■ WHAT IS EXPECTED: When you copy the entries, omit the images and keep every word as it is.

■ INPUT MATERIAL:
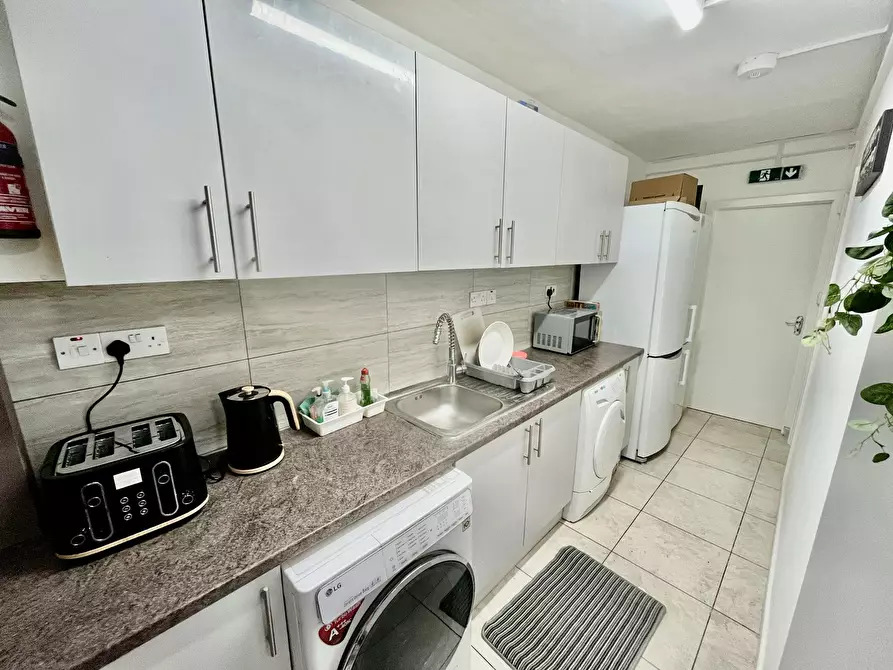 Immagine 10 di Camera condivisa in affitto  in Vigilant Close a Lewisham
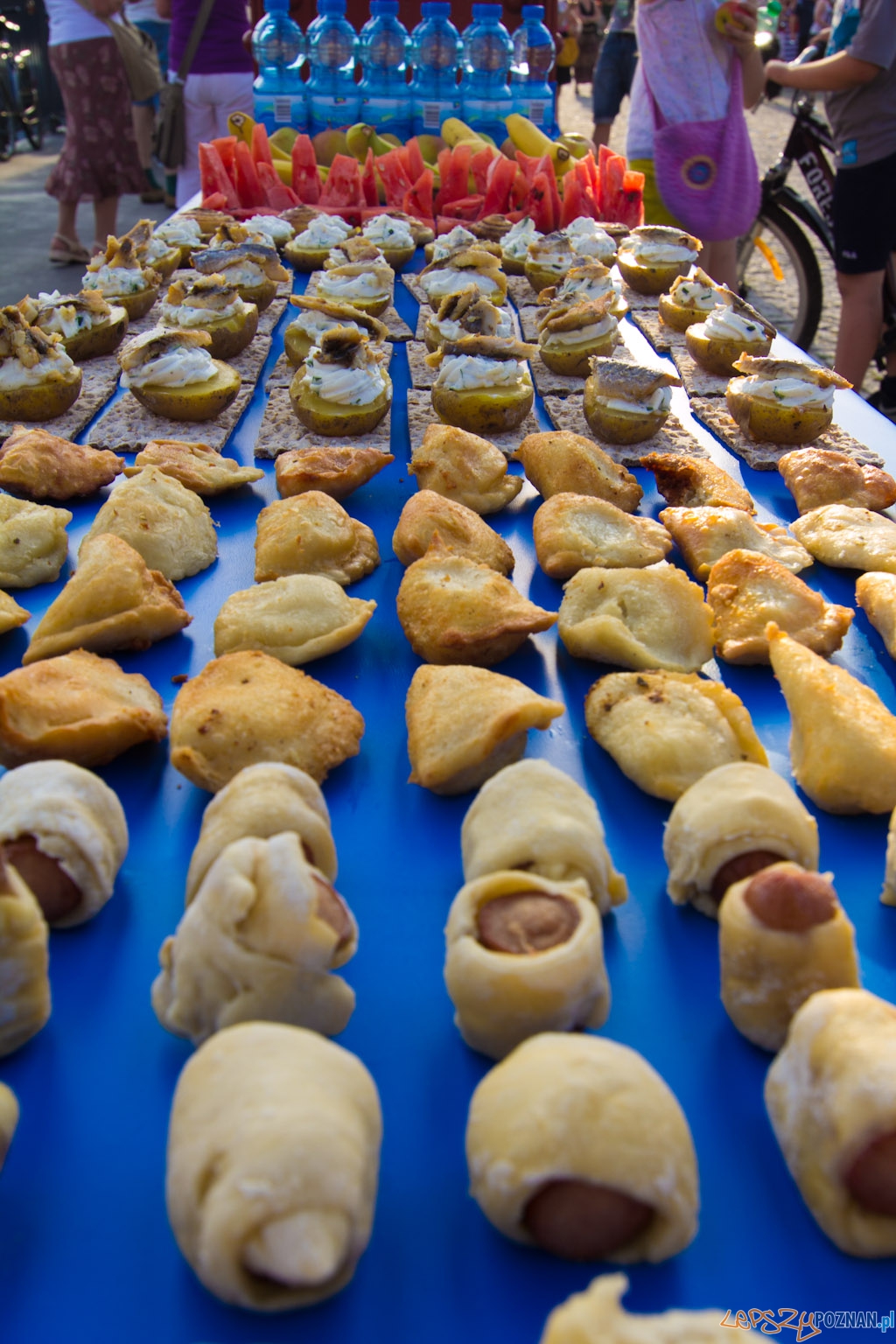 Szwedzki stół i lecie Polskiego Teatru Tańca Foto: lepszyPOZNAN.pl / Piotr Rychter Szwedzki stół i lecie Polskiego Teatru Tańca Foto: lepszyPOZNAN.pl / Piotr Rychter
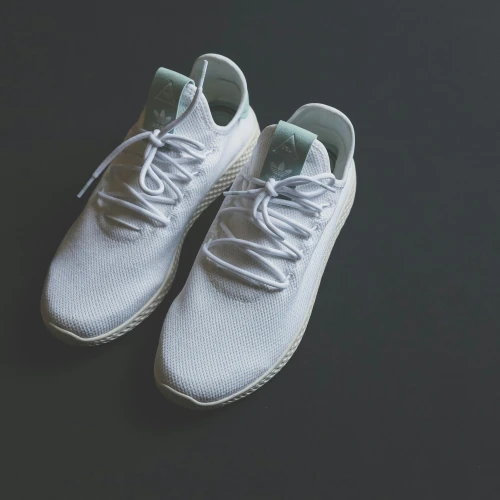 Tips Memilih Sepatu Sneakers untuk Travelling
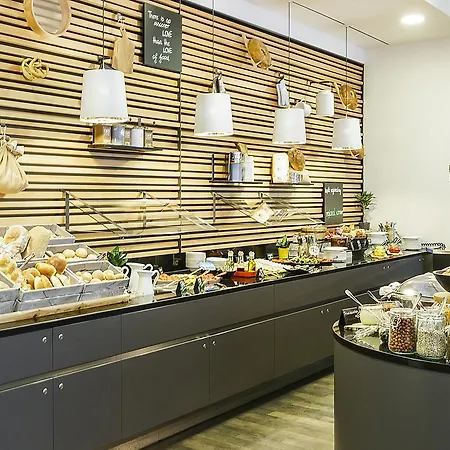 Vienna House Easy By Wyndham Hotel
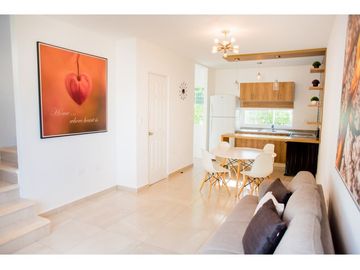 Se vende casa de 2 recamaras dentro de residencial en zona norte, Cancun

■ SOLVED EXERCISE:
 Immagine 10 di Camera condivisa in affitto  in Vigilant Close a Lewisham
 Szwedzki stół i lecie Polskiego Teatru Tańca Foto: lepszyPOZNAN.pl / Piotr Rychter Szwedzki stół i lecie Polskiego Teatru Tańca Foto: lepszyPOZNAN.pl / Piotr Rychter
 Tips Memilih Sepatu Sneakers untuk Travelling
 Vienna House Easy By Wyndham Hotel
 Se vende casa de 2 recamaras dentro de residencial en zona norte, Cancun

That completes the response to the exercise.